I've been through this with both of mine. What I think is that it's just a fear of the outside world, everything is so big to them. Rolo would shake like a leaf as soon as he realised we were going out. What I did with both of them was carry them for about a week or so until they got used to the whole being outside thing. As Buttons is a winter puppy i shoved him down the front of my coat! Once they gain confidence then I put them down. I found that after a week or so Buttons didn't want to be carried anymore and would struggle to get down. Now he trots along quite happily! The only problem I have now is as Rolo hasn't been neutered he stops every 15 seconds to mark EVERYTHING in the village. And I'm not kidding.....EVERYTHING!! 










Before










After! Lol


And I meant to say as well put her harness on her every time so she associates that with walk time and still gets used to wearing it but carry her. She will soon get fed up and want to get down and explore. Worked for me twice x

I was worried that if I started carrying them they would always want to be carried everywhere but it doesn't seem to work like that. They realise that actually outside isn't so bad after all and then they're off !

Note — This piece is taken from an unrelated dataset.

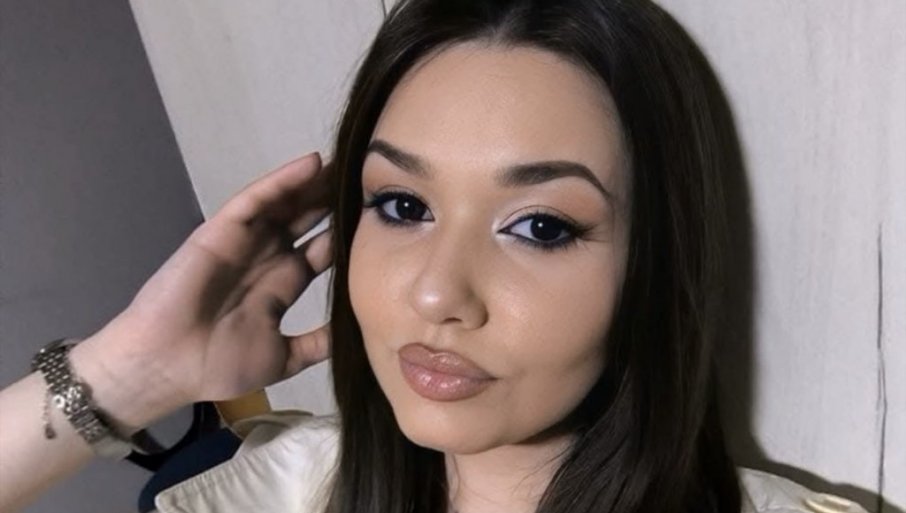 Oglasila se majka nastradale Jovane (21) iz Niša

Sent from Petguide.com Free App


----------



## Angel1210 (Mar 14, 2011)

Wow! I have the same problem! Angel is a couch potato! He really doesn't like to go for walks! When he was young, I carried him until we got to a side street with no traffic! He tolerated it. At the park, he walked and sniffed, behaved, pretty much, but again didn't really like it! I used treats to make it exciting and talk happy talk the whole time, but still not really liking it! Then he got to where he would bite me when I put his harness on him if it was walk time or if he even thought it was!

I really want him to love walking! So, I have a new plan for this spring! I am going to take him to the park, just him and me. Sit on a park bench for about 10 minutes or so. I'll have his toys, some treats, and try to make it fun for him! I don't know if it will work, but I've nothing to lose! 

I think part of him not liking walks is because hubby is a couch potato, too and they hang out together a lot!!


----------



## HollyV (Mar 31, 2013)

I have the same problem  especially when there are other dogs around. I am persisting though with treats and picking her up when she refuses to move hopefully she'll get better soon 


Sent from Petguide.com Free App


----------



## JumpingBean (Mar 27, 2013)

Thanks for the help guys.

I'm not sure the reason is that he's scared. He loves to run in circles in the backyard but anywhere else is stop and go. I will try some of things suggested and see if they work. He is still young so maybe he just needs more time in the great outdoors to learn that its not that scary.


----------